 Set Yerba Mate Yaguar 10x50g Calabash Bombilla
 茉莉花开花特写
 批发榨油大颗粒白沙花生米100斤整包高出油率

DESCRIPTION OF THE TASK: Repeat the data in its entirety, word for word.

RESPONSE:
 Set Yerba Mate Yaguar 10x50g Calabash Bombilla
 茉莉花开花特写
 批发榨油大颗粒白沙花生米100斤整包高出油率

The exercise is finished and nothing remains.